KAZAN, Russia - Evgeni Grachev and Pavel Chernov scored third-period goals to lead Russia to a 4-2 win over Canada on Wednesday at the world under-18 hockey championship.

Grachev's goal at 7:43 of the third proved to be the winner for Russia (3-0), which cemented top spot in Pool A and a spot in the semifinal. Chernov rounded out the scoring at 15:35.

As a result of the loss, Canada (2-1) will have to play a quarter-final match Sunday.

"It was a big game because the team that won this game was going to (get) the bye and that's important," said Canadian team coach Pat Quinn. "When you get the bye you've only got one game to win to get to the gold medal game.

"We can't get first place now, Russia has that locked up so we're going to have to play in the quarter-finals and semifinals (to get to the gold medal game) but that's all right. We've made our own bed and now we've got to make sure we look after business."

Dmitri Kugryshev and Andrey Loktionov had the other goals for Russia, thrilling the partisan gathering of 10,000 fans.

Ryan Ellis of Freelton, Ont., and Matthew Duchene of Haliburton, Ont., scored for Canada.

The contest was a chippy one, with Russia accumulating 51 minutes in penalties while Canada had 24. Russian Nikita Filatov received a five-minute major for butt-ending and a game misconduct at 13:33 of the first period.

Kugryshev opened the scoring at 3:23 of the second period before Ellis tied it on a two-man power play at 11:36. Duchene put Canada ahead 2-1 at 13:44 but Loktionov's power-play goal with 50 seconds remaining in the period pulled the Russians even.

"That was a big goal," Quinn said. "Unfortunately, we had two guys lay down on the play.

"You know what? It's hard to play when you're down trying to swim. It just doesn't work. Clearly, they were errors that were made and we have to somehow continue to try to educate our young guys that there are better ways to play."

The loss tarnished a solid effort by Canadian goalie Jake Allen of Fredericton, who stopped 29 shots.

"We've had some good progress there," Quinn said. "In the two exhibition games, quite frankly, I was concerned about our goaltending . . but slowly Jake has been getting a little bit better for us.

"After the 10-minute mark he made a number of good saves for us and was really solid in the net tonight.

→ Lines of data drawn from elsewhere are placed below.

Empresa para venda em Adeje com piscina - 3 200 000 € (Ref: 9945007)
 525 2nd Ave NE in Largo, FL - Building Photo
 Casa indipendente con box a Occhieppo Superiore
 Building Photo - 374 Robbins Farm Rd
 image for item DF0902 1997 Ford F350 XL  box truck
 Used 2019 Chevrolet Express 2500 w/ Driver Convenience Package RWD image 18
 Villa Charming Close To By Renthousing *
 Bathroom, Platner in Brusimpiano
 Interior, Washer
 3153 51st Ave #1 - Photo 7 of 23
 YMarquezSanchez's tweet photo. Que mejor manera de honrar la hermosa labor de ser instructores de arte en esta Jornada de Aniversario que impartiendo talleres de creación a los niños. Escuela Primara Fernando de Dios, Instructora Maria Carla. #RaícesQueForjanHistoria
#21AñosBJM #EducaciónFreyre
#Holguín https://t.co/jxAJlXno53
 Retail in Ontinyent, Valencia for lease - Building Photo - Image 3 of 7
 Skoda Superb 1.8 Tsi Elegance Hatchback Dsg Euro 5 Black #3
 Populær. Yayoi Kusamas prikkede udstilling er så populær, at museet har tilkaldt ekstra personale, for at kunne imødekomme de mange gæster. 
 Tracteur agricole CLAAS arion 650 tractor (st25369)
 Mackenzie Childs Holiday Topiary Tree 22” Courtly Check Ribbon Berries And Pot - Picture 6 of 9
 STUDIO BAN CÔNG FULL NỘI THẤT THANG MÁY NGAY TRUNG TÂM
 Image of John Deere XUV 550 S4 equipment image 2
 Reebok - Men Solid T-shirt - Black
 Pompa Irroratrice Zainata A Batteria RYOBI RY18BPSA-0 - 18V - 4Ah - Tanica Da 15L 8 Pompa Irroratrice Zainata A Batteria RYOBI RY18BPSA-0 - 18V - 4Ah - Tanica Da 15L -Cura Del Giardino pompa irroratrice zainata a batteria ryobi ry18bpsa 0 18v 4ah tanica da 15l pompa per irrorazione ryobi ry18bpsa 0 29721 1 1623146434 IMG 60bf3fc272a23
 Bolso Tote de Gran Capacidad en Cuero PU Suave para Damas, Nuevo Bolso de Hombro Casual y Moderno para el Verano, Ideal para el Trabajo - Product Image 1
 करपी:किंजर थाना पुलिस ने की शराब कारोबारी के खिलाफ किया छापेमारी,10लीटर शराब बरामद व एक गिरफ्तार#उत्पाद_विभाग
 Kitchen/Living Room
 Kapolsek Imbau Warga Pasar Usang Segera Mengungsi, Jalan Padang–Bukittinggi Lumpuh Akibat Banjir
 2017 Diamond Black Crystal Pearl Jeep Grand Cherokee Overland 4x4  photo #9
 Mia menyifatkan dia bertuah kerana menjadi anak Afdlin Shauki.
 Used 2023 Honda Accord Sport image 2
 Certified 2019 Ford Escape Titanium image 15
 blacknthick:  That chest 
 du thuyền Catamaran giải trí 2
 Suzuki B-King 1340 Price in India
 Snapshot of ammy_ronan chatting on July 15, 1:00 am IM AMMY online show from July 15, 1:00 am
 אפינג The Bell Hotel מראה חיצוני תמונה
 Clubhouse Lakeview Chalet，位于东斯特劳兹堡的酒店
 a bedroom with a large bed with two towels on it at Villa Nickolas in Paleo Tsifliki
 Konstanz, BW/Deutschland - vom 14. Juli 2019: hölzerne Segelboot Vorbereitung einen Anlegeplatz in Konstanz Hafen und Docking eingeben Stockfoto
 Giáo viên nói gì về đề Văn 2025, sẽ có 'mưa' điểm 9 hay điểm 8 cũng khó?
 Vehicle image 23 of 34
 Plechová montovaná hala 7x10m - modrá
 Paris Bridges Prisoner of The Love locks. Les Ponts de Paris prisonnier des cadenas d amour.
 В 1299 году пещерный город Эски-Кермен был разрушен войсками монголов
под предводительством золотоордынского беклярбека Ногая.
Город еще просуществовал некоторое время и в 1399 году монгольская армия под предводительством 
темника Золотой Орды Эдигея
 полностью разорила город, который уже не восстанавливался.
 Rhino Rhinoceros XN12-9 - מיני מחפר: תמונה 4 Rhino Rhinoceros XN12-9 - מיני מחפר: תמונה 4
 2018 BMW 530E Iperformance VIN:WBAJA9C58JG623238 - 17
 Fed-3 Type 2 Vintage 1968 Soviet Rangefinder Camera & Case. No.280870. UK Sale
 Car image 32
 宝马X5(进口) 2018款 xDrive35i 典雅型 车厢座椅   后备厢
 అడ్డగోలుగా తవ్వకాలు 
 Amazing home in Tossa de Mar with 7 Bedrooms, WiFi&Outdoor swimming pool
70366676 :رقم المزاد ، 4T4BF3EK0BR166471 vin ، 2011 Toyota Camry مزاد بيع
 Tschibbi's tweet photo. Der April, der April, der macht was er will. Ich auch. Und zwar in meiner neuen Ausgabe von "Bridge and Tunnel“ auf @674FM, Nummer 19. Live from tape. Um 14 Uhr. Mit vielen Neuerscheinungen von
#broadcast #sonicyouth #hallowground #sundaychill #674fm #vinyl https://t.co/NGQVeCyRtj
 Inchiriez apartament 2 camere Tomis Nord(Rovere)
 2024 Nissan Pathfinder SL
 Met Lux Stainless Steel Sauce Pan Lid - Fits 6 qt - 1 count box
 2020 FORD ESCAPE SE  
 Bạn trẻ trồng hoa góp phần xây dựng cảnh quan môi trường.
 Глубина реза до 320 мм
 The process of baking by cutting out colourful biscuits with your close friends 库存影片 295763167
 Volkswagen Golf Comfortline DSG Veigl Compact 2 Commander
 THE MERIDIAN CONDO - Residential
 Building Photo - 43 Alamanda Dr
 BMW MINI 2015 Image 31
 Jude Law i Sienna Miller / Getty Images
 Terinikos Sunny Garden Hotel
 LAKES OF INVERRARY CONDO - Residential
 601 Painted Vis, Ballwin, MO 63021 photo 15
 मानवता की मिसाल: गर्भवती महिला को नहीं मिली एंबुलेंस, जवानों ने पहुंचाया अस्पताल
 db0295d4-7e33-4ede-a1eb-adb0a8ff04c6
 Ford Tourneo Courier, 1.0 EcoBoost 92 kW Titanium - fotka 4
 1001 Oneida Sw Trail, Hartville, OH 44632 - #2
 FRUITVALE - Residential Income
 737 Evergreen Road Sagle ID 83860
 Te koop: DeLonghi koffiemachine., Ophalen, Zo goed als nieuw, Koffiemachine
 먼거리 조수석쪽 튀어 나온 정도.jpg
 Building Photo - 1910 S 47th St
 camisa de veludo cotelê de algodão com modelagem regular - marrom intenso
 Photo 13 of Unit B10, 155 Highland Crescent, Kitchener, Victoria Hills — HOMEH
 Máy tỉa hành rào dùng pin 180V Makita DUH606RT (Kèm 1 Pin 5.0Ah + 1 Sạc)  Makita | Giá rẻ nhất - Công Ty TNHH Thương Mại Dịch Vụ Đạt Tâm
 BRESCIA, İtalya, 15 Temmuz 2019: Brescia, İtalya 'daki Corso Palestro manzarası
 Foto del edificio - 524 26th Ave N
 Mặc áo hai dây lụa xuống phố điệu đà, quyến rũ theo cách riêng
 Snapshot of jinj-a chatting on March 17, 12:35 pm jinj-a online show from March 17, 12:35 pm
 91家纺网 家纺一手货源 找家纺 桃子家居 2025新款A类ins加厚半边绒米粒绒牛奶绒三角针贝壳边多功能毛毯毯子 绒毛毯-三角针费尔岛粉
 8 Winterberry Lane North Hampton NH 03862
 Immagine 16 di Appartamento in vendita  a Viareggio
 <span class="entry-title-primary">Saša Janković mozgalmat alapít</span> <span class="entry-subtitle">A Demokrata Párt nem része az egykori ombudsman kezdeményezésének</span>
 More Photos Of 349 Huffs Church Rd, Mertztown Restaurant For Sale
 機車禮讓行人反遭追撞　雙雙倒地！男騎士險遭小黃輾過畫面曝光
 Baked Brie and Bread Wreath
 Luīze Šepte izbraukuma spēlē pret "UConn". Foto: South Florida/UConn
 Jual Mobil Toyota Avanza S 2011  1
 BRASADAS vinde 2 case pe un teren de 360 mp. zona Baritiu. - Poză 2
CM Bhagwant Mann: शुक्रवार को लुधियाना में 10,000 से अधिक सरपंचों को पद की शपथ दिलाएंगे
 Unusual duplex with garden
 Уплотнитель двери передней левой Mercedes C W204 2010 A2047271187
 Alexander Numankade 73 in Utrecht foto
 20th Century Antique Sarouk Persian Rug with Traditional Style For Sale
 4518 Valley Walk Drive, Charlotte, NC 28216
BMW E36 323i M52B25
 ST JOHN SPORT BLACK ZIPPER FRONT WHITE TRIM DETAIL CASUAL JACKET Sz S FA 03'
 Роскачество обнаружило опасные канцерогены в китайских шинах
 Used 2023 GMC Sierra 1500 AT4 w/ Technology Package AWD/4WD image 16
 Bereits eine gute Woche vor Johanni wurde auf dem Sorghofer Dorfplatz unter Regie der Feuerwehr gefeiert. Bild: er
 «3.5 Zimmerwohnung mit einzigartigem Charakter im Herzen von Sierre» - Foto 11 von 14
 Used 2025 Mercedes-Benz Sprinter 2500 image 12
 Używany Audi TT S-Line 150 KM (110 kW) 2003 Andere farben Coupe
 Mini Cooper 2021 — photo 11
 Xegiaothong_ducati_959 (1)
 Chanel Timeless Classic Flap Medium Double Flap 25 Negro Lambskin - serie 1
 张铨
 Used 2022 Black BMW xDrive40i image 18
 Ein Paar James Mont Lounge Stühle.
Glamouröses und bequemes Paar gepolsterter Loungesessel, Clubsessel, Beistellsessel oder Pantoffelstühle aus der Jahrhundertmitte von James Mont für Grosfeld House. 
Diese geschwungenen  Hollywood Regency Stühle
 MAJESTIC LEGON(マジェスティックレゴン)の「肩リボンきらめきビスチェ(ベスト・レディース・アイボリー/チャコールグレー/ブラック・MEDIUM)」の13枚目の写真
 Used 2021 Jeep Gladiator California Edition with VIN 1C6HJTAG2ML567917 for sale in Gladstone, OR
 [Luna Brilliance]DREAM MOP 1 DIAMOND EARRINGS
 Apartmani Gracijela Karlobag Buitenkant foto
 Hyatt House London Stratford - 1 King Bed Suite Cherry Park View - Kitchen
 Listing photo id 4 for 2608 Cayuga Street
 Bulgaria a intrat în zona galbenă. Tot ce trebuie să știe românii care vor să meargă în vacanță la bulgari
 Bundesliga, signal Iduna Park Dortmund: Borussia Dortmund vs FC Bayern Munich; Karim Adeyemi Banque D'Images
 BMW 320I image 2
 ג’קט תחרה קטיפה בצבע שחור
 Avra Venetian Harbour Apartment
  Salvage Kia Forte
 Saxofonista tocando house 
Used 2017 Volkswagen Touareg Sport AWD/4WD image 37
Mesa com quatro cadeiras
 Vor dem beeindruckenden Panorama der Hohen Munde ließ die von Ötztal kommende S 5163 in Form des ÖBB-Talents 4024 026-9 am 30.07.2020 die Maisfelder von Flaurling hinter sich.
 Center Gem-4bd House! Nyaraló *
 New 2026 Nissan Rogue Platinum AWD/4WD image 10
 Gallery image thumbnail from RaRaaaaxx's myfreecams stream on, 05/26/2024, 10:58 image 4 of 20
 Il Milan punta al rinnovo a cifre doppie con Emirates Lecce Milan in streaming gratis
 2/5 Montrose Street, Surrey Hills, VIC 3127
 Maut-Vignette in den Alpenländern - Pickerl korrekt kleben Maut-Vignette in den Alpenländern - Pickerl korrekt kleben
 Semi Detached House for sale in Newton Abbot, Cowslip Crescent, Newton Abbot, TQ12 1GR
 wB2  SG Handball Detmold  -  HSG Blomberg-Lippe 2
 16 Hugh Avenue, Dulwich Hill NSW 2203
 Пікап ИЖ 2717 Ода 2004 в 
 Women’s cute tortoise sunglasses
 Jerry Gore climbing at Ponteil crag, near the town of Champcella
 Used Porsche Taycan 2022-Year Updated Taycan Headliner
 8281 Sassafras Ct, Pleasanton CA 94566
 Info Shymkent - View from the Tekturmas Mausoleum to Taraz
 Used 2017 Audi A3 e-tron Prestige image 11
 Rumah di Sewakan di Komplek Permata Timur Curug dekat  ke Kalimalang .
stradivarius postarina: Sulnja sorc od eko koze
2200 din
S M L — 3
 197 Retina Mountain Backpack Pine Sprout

Even though there were four (goals) against it would be hard to pinpoint any one that you weren't happy with."

Allen said the fact Canada was not only able to stay with Russia for two periods but actually hold a lead against the tournament favourites should bode well if the two teams meet in the medal round.

"If we can play that way for 60 minutes we would've won the hockey game," he said. "I think that shows we can handle them.

"We just have to step up next time."

In other games, it was: Sweden 5, U.S. 4; Switzerland 4, Belarus 2; and Germany 5, Slovakia 4.

Canada's next game is against Slovakia on Friday.

"That's a big game for our confidence and the momentum heading into the quarter-finals on the weekend," Allen said. "It won't be an easy game and we're going to have to work hard."